Alameda, like the rest of the US, has experienced an increase in fatalities on our city streets and vehicle design is quickly becoming recognized as a significant contributing factor. As consumers shift their selection to SUVs and Pick-up trucks, the vehicle manufactures are changing the designs of these vehicles to become more and more dangerous to people on city streets.

 

These designs both limit visibility for the most vulnerable road users, children and seniors who walk and bike, but also increase the likelihood of serious injury and fatality when a collision occurs.

 

This phenomenon has been widely acknowledged and covered as it is here in The Atlantic Magazine at the end of last year.

 

 

<https://www.theatlantic.com/ideas/archive/2021/12/suvs-trucks-killing-pedestrians-cyclists/621102/>

 

Additional links:

 

                     Fix the Crash Test, Dummies - Bloomberg <https://www.bloomberg.com/news/articles/2022-03-18/fix-the-crash-test-dummies>

 

                     The Hidden Danger of BIG Trucks - Consumer Reports <https://www.consumerreports.org/car-safety/the-hidden-dangers-of-big-trucks/>

 

Large pickups and sport utility vehicles, designed for off-road, rural environments have long been more likely to kill people when people driving hit people who walk and bike with them.
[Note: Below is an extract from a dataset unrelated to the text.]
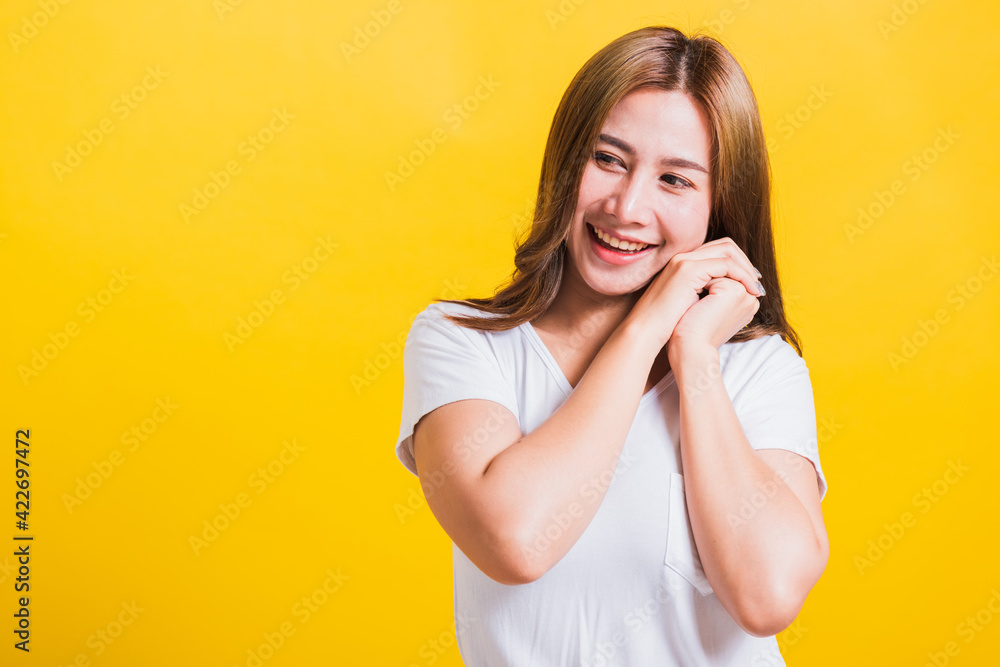 Portrait Asian Thai beautiful happy young woman smiling, screaming excited keeps two hands together near the face and looking to side, studio shot isolated on yellow background, with copy space Portrait Asian Thai beautiful happy young woman smiling, screaming excited keeps two hands together near the face and looking to side, studio shot isolated on yellow background, with copy space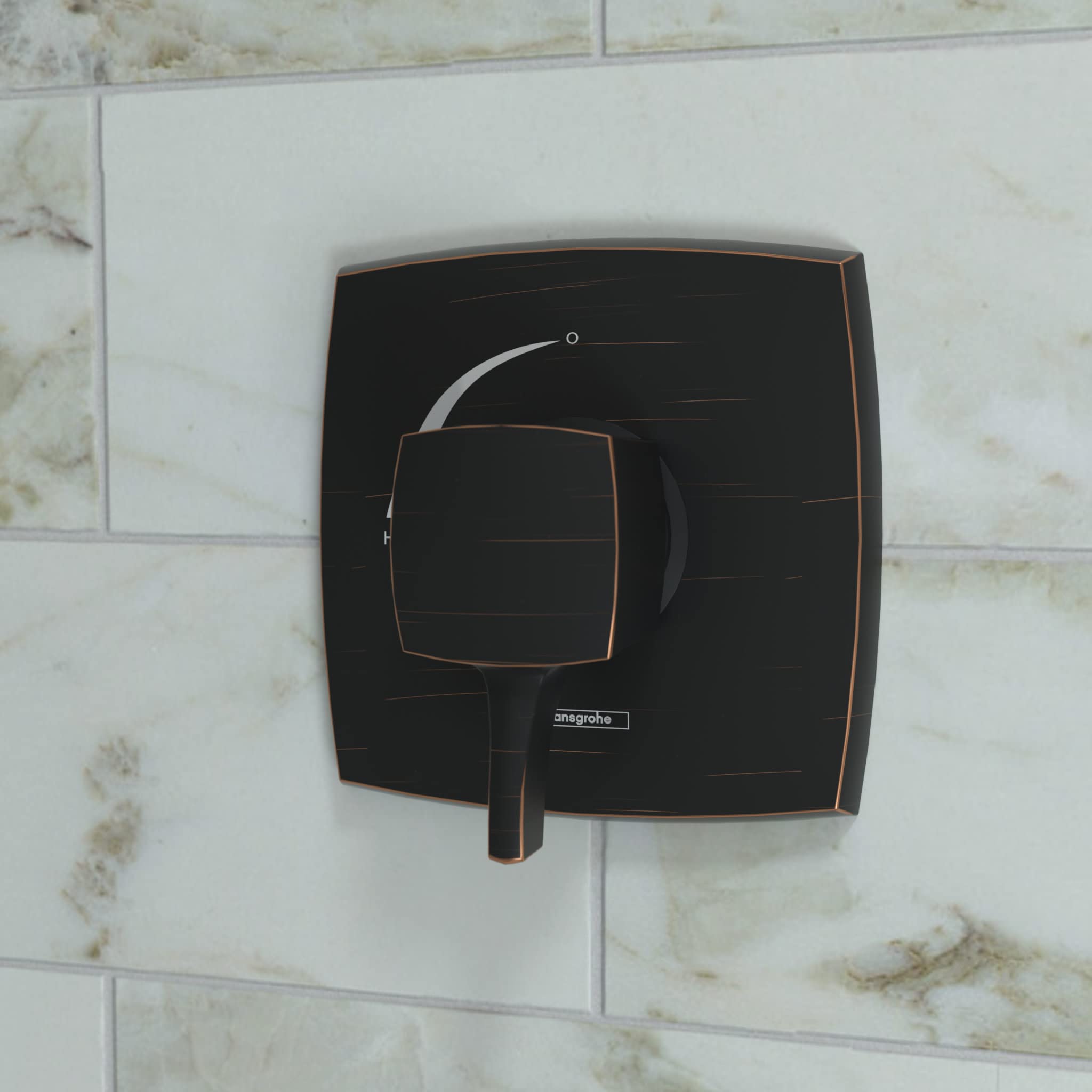 Square rubbed bronze pressure balance valve trim with single lever handle mounted on marble subway tile wall.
One study <https://www.monash.edu/__data/assets/pdf_file/0016/1045222/Pedestrian-crash-risk-and-injury-outcomes-relationship-with-vehicle-design.pdf> of vehicle type and crash-fatality risk found that a large pick-up that is not designed for urban driving is three-times as likely to kill a pedestrian that a passenger vehicle that is designed for city streets.

 

 

 

Unfortunately, national regulatory agencies, at the behest of international corporations that manufacture vehicles, have refused to take action, despite the clear call for them to do so by transportation professionals, including NACTO and the Insurance Institute for Highway Safety. As such, cities and states are left trying to navigate an environment that allows for unsafe vehicles to be operated in the same spaces as school children, shoppers, commuters, seniors and people with disabilities who are walking, rolling or on bicycle.

 

 

 

 

A 2018 Special Report from the National Transportation Safety Board found <https://www.ntsb.gov/safety/safety-studies/Documents/SIR1803.pdf>:

 

 

As a City, Alameda cannot determine the consumer’s vehicle of choice when they purchase a new mode of transportation, but we can ensure that there are consequences for purchasing vehicles that are ill-equipped for safe operations on our local streets. As such, this referral would put in place an administrative fine for driving a vehicle that is designed to increase harm to our residents, workers and visitors and causing harm with that vehicle.

 

A final ordinance will provide a simple way to avoid any penalty by allowing people who drive less safe vehicles to take responsibility for their choice of vehicle by ensuring that they operate in a manner that doesn’t cause harm and injury in our community. It will also set clear criteria for assessing a set fine based on objective standards including bumper height exemptions, Front-end heights, etc.

 

Licensed commercial vehicles, including public transit, will be exempt in order to allow businesses and transit agencies to provide needed access and mobility for passengers, business needs, construction, etc.